Mood, music and mind-set

I like most styles of music, varying from Marilyn Manson to Mozart, from Massive Attack to Moby. Apparently, Manson elicits doom-laden thoughts and Mozart educes cognitive lucidity. I think the link between music and mood is subjective. Certainly my Sunday morning playlist is different from my gym playlist… one is wandering and one is compelling; well to me anyway.

So, does music effect mood? I’m certain it does… but how?

A group of academics (McCraty, Barrios-Choplin, Atkinson and Tomisino) from California carried out a study on ‘The Effects Of Music On Mood, Tension And Mental Clarity’.

They took four different genres of music: classical in the form of various Mozart compositions, grunge rock provided by Pearl Jam, new age from Enya and a dollop of so called ‘Designer’ music. This ‘designer’ music is specifically composed and calculated to have particular effects; it’s often represented by that well produced instrumental music of the wafty wash over variety.

The results of this research were split into adult and teenage subgroups.

“Apparently Mozart reduced fatigue, sadness and tension in adults, but had little influence on the youngsters. Conversely, other studies have suggested Mozart piano sonatas increase concentration in younger people.”

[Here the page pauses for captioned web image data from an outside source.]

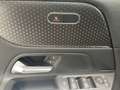 Mercedes-Benz GLA 250 e Progressive MBeam|S-Dach|TWA|Night|SHD Grau - thumbnail 13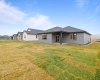 Morningside Parkway, Richland, Washington 99352, 3 Bedrooms Bedrooms, ,2 BathroomsBathrooms,Site Built-owned Lot,For Sale,Morningside Parkway,279874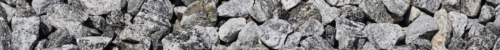 erosioncontrol erosioncontrol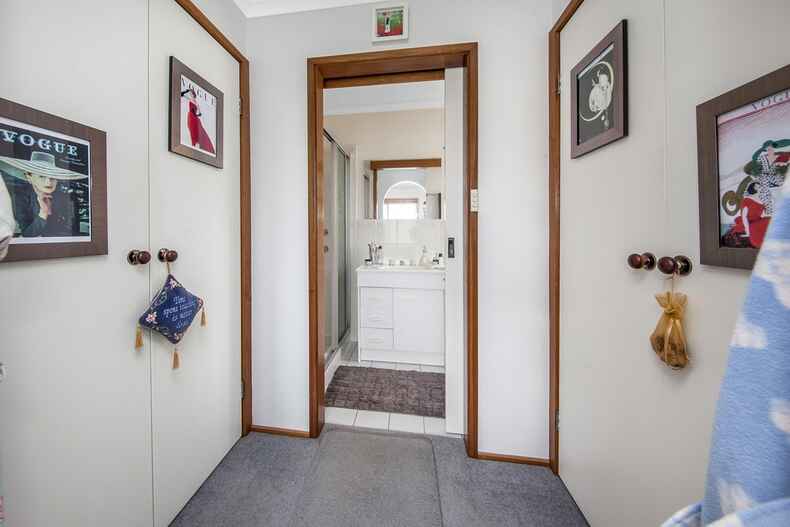 Lot 23/56 Fullerton Crescent Richardson Lot 23/56 Fullerton Crescent Richardson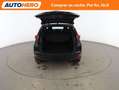 Honda CR-V 2.0 i-MMD Hybrid 2WD Sport Line Negro - thumbnail 17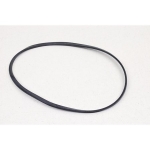 Кольцо уплотнительное  RING-RUBBER 290850045 / 420850045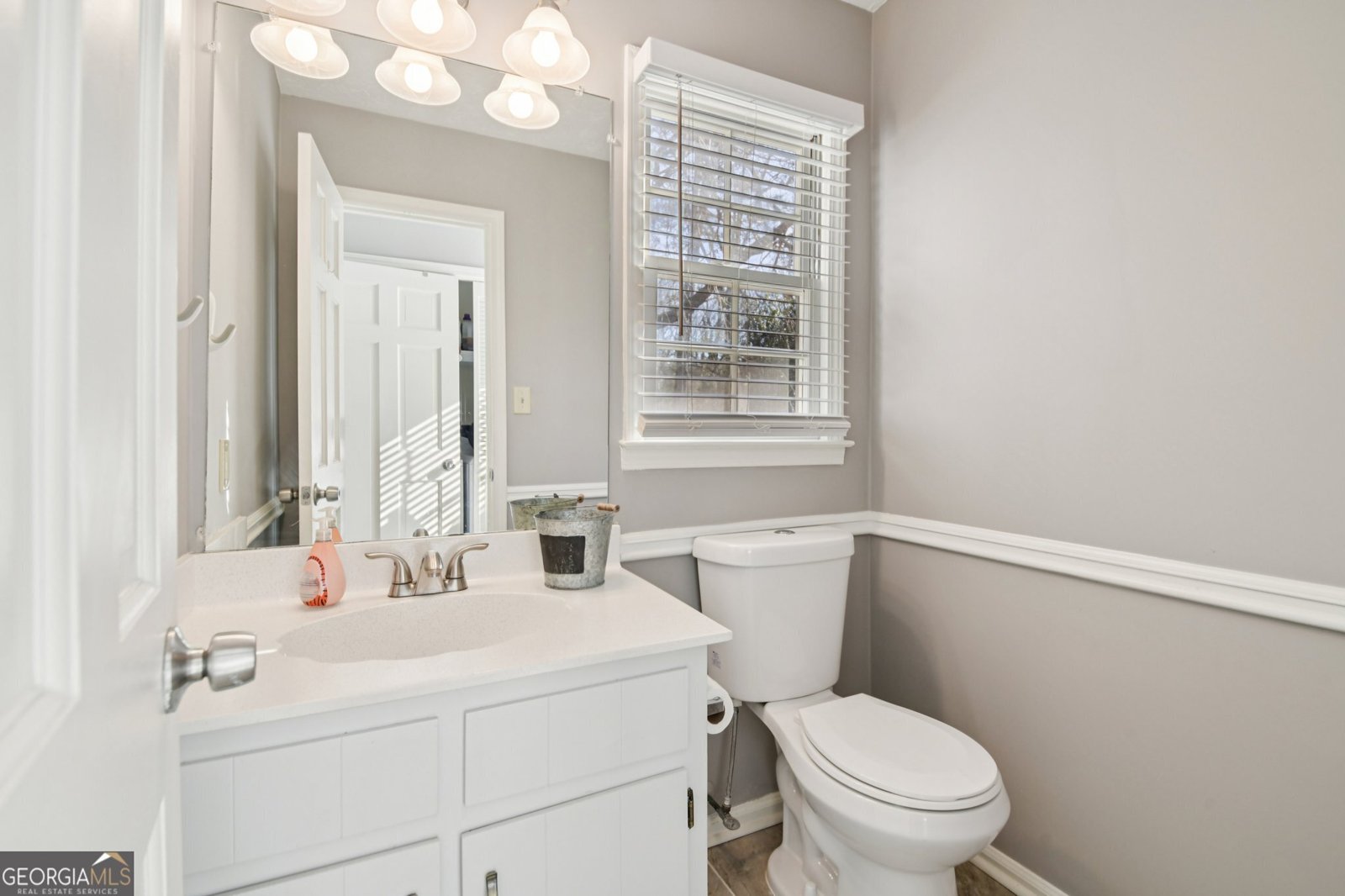 191 Saratoga Drive Lawrenceville - Photo 11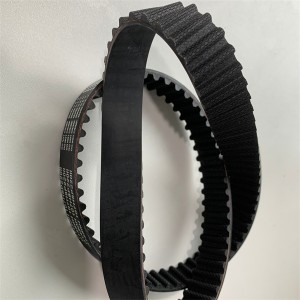 Auto timing belt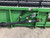 https://api.rdoequipment.com/api/EquipmentImage?imgID=13811630&filename=11_X735353-10.jpg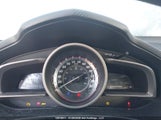 Mazda Mazda3 G/Gx 3MZBM1U75GM312877 снимка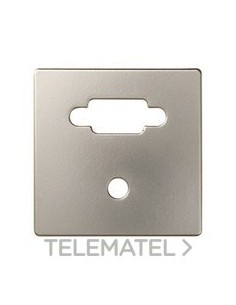 PLACA SIMON 82 P/CTR.VGA+MINI-JACK CAVA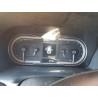 2022 HYUNDAI TUCSON 5NMJA3AE9NH084081 46933536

Grunge made the teens more hostile and tense, but increased their mental clarity and vigour. I can imagine parents saying: “Get upstairs, put on some Pearl Jam… do your home work, but try not to trash your bedroom.” Grunge also made the oldies more vigorous, but unfortunately simultaneously decreased their mental clarity.

Good old Enya made the adults really relaxed, but switched their brains off. She also delivered the youngsters an overall lethargy, indeed quite the case of: “Sail away… Sail away… Sail away.”

The designer music had an effect of reducing sadness and increasing a relaxed state in youngsters. The older cohort had a peak in caring, relaxation, mental clarity, and decreases in sadness, fatigue and tension.

Thus, the so-called ‘designer music’ seems to suit both groups, but selecting ‘designer’ may well ridicule anyone’s ‘cool’ persona. Anyhow, I’m not sure many people specifically choose to listen to this synthetic style of music. In my experience, it’s usually a consequence of being in a retail environment of some description.

Notwithstanding valuable academic analyses, this is all pretty personal in my opinion. The key is to really focus on different types of music, one piece at a time and try really hard to concentrate on what each piece makes you feel inside. Try and get in touch with the sensation that is felt inside you and not what you think about it.

“I suggest that music does different things to different people, and anyway, where do you filter out variables like private nostalgia, musical memories and learned listening habits. ”

Most people will be able to tell how a particular piece of music affects them individually just by being in the moment and paying close attention. Then, if you so desire, you can make and use specific playlists to help enliven yourself, enhance cognition, reduce tension, ease low mood or just chill out.